I don't want to invest too much energy prosecuting a case against Didion, Gitlin, and others who want to use the Manson moment as an occasion to shut the door on a number of the most ambitious movements and social experiments of the 1960s. There are plenty of Latin phrases you could throw at these forces of simplification and generalization (post hoc ergo propter hoc, for example), but what I care most about is how they participate in building a cult(ure) of Manson. The creepy crawls were short-term and episodic, but the whole point is that even locking up a number of the key members of the Family has not done much to expel Manson from our midst. From Didion to Bugliosi to the dozens, if not hundreds, of artists who have kept him present, the creepy crawl abides. Manson's Family have proven to be the (uninvited) guests who never leave.
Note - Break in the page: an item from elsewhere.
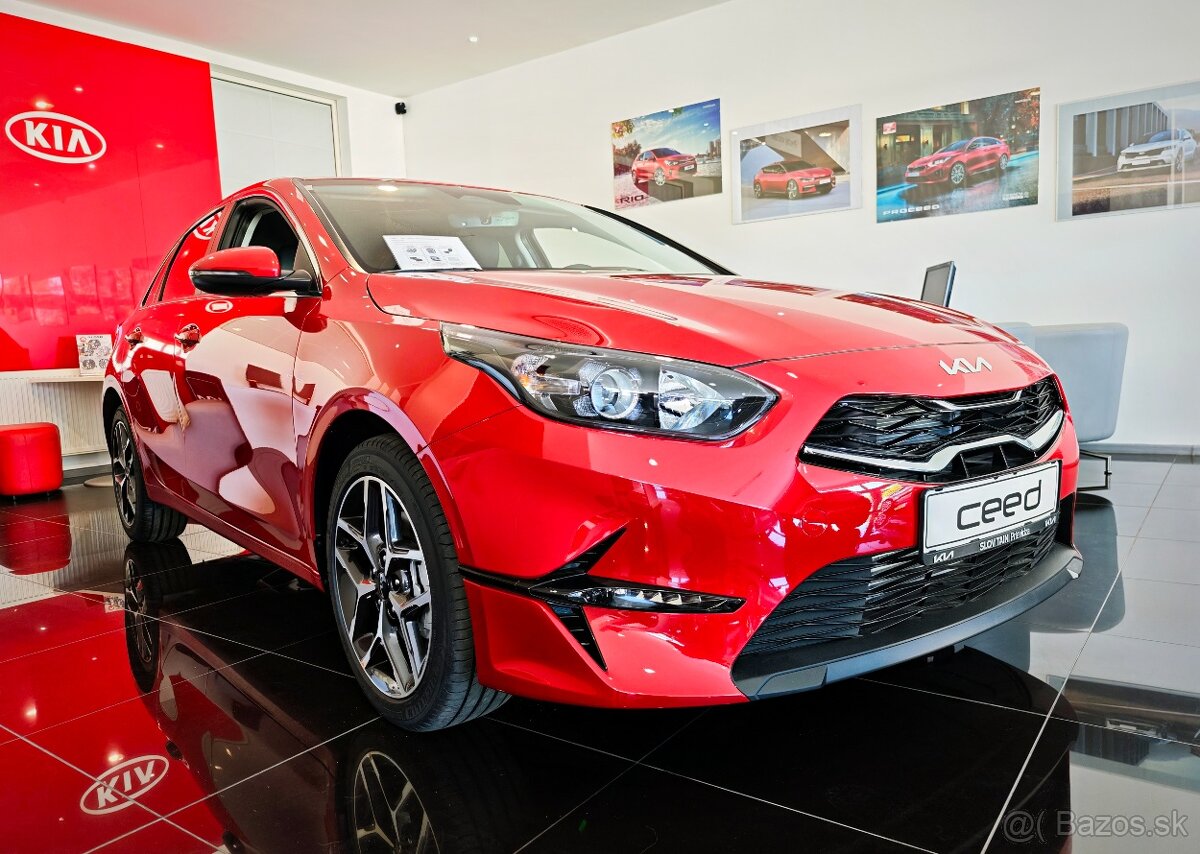 Kia Ceed 1,5 T-GDi 7DCT GOLD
There is a film clip in the AP archive dated 1971 (and now on YouTube) that shows five women associated with Manson literally crawling through the streets of Los Angeles. This is, as the AP record puts it, a "stunt"--the young women are making sure that the people of Los Angeles know that even with their sisters and brothers behind bars, the creepy crawl lives on. It is pretty fascinating to track the reactions of the people they encounter. First a young man walks by, content with the apple he is eating and not paying much attention to the crawling women: this is Los Angeles and who knows what else he has seen on his walk. Then, after the camera shows us that they are crossing the intersection against the "Don't Walk" sign, we see the Family women pass a very square-looking white woman in matching sweater and skirt, white handbag slung over her forearm. This woman makes a slightly alarmed move to give these crawlers a wide berth, but then cannot help but turn back in order to get another look at the fascinating sight. At the same time, two youngish looking African Americans pass the women but appear not to even notice them. On the next block a fairly hip group of young white people comes out of an office building to watch the show. For the most part they are having a good time, except for one woman who is nervously chewing on her fingers. Two construction workers continue to do their work. A woman with a brown paper sack catches up to the crawlers and bends down to feed one of them; it is not clear if she is part of the stunt or not. The final significant figure, who I hope received an Oscar for Best Supporting Actor in some alternate universe, appears in the final seconds of the clip. He is white and middle-aged. He is mostly bald and his pants are hiked up a little bit higher than the national average. When we first see him he is pointing with alarm at the group--it seems possible he is trying to enlist somebody else to help him rectify the situation. But then we see him again as he crosses the street to get closer to the action: with one of the most eloquent shrugs in film history, this Angeleno has under-gone a change of attitude. Our furniture is being rearranged, his shrug seems to say, and I guess there is not a damn thing we can do about it. Over the course of the 1970s it got more and more difficult to shrug the Family off. In our own time we continue to wrestle with what the new arrangement of furniture means.